Captioned web image data
----
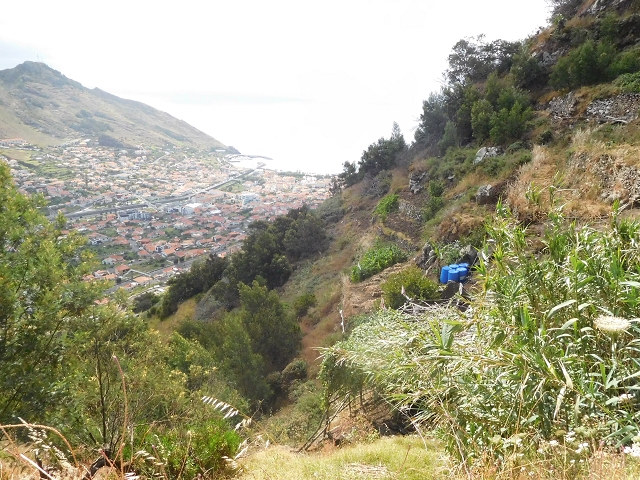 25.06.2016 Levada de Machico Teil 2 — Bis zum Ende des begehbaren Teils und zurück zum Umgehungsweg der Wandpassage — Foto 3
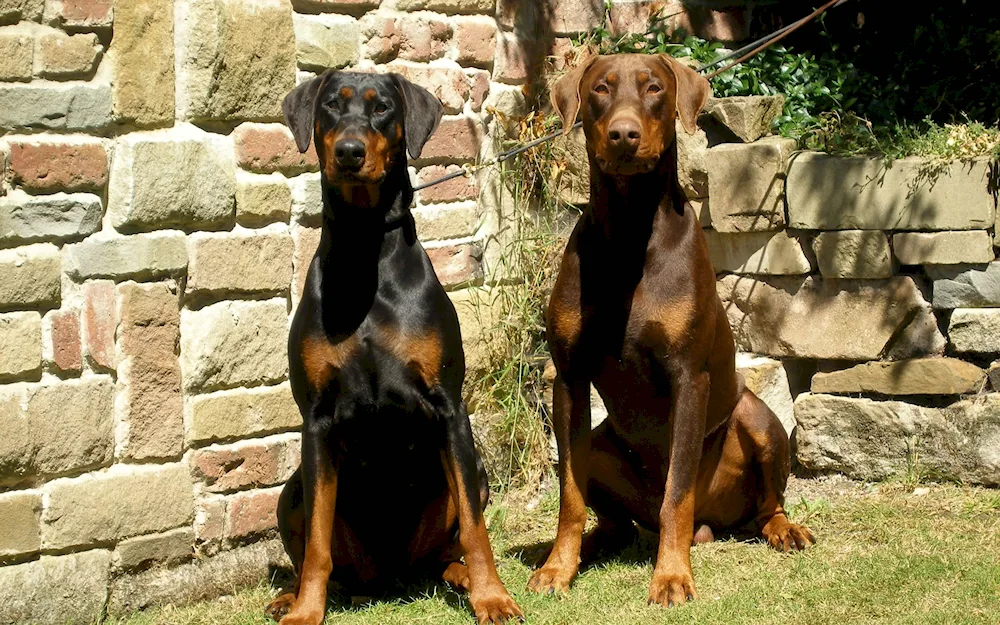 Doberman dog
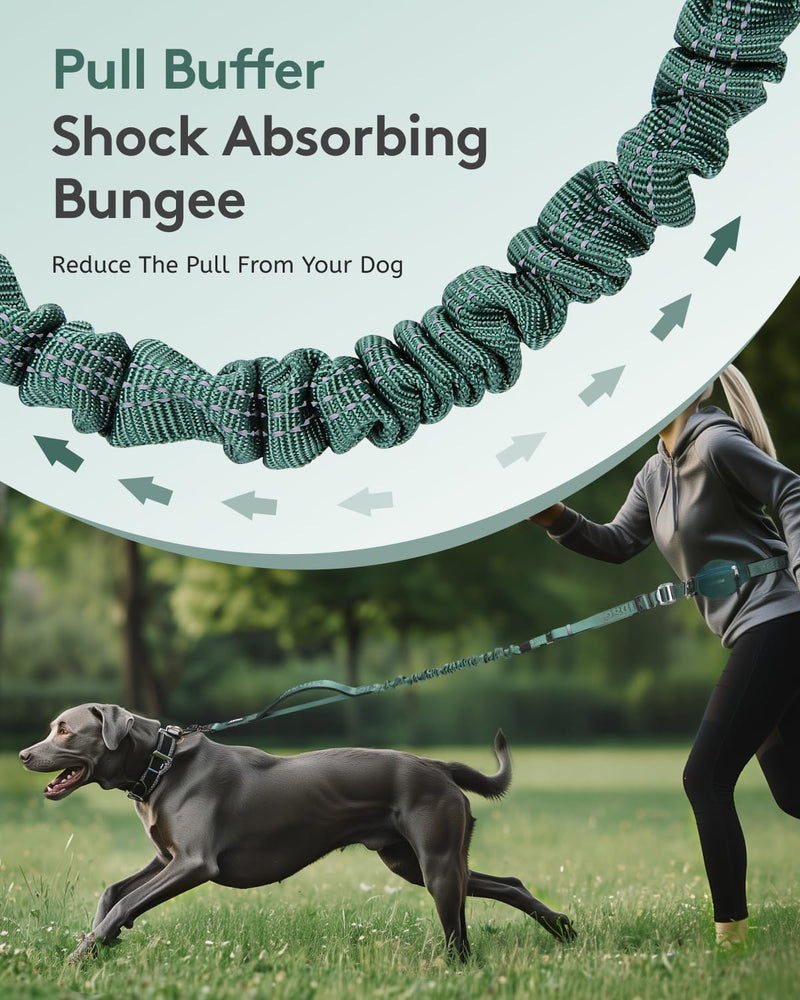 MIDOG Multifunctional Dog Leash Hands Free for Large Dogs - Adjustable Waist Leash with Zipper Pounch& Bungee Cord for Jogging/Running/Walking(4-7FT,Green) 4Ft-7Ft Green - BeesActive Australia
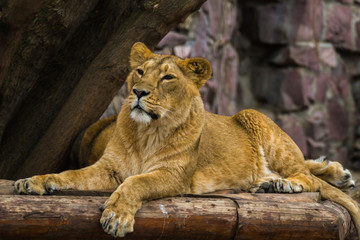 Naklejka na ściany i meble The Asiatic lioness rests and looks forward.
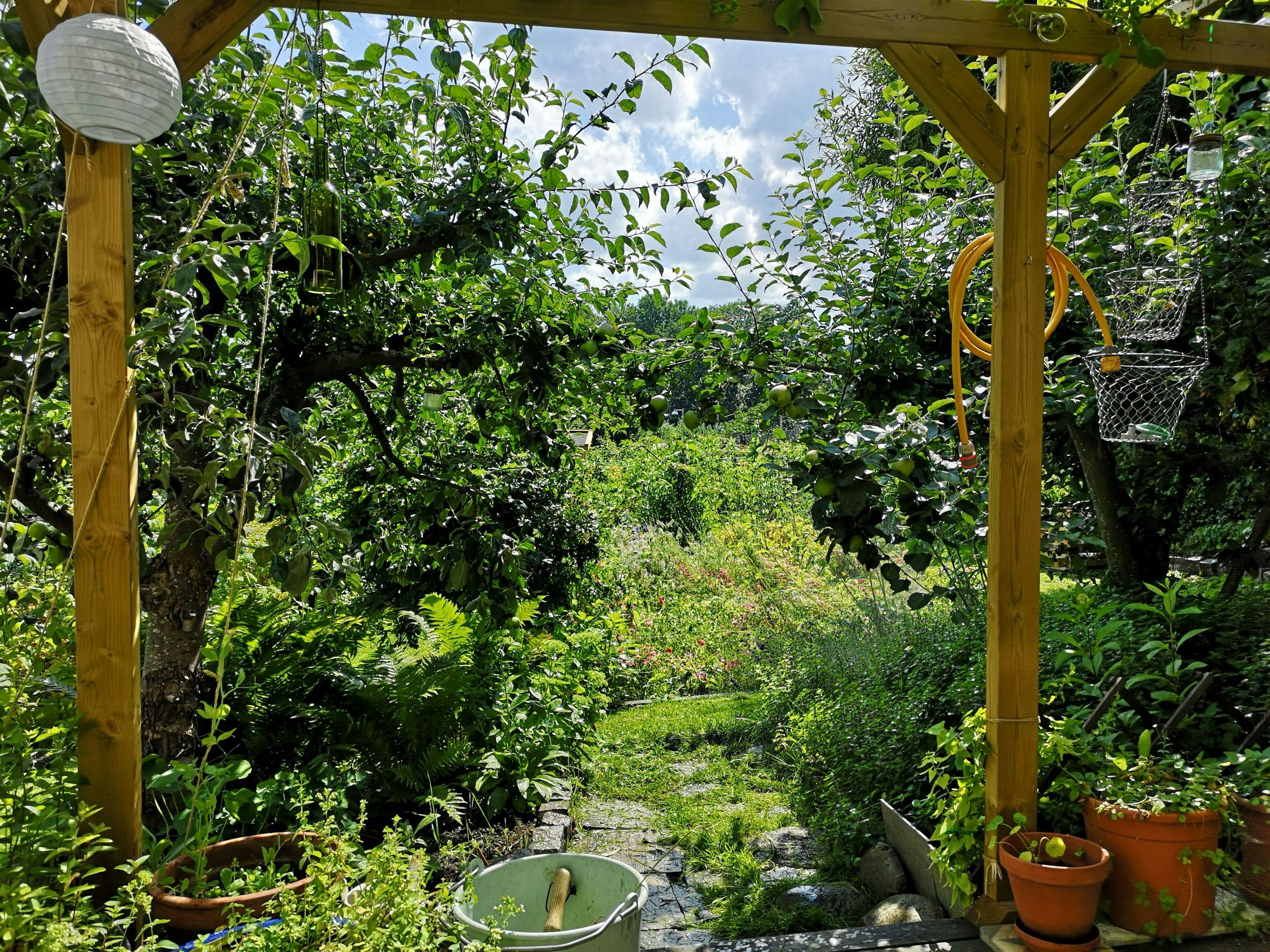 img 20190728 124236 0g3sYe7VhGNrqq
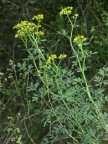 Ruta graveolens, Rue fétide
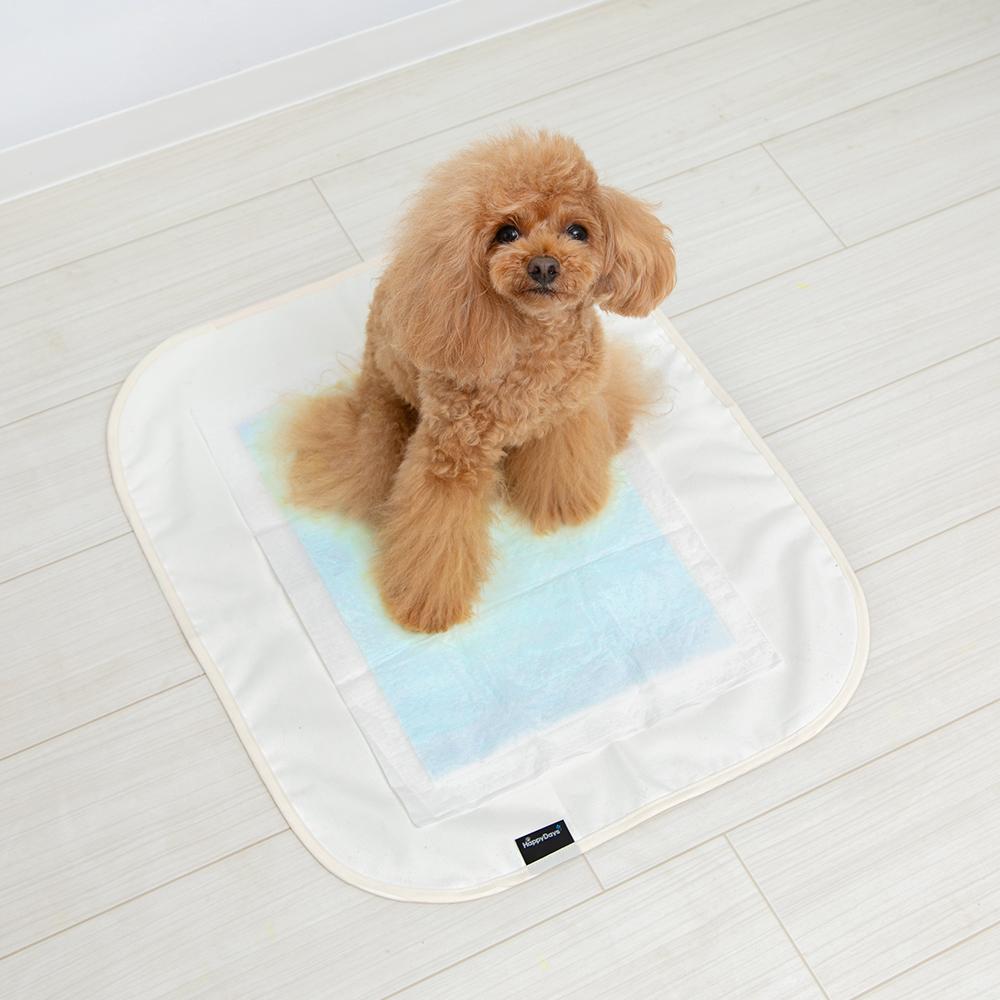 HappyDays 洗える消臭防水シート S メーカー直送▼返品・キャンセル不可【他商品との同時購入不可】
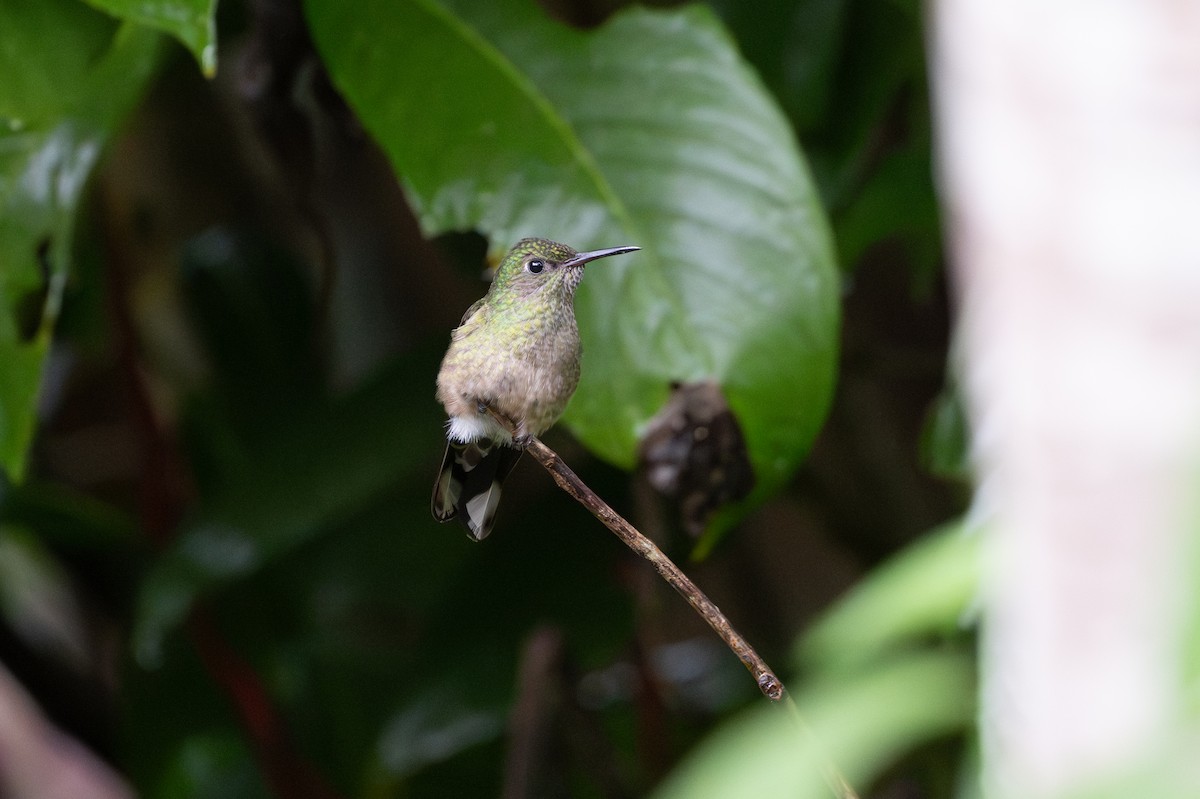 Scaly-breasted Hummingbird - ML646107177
----
WHAT IS REQUIRED —
Copy the final portion of the records: every line from the one containing "HappyDays 洗える消臭防水シート S" through the last, word for word, without pictures.

SOLUTION TO THIS PROBLEM —
 HappyDays 洗える消臭防水シート S メーカー直送▼返品・キャンセル不可【他商品との同時購入不可】
 Scaly-breasted Hummingbird - ML646107177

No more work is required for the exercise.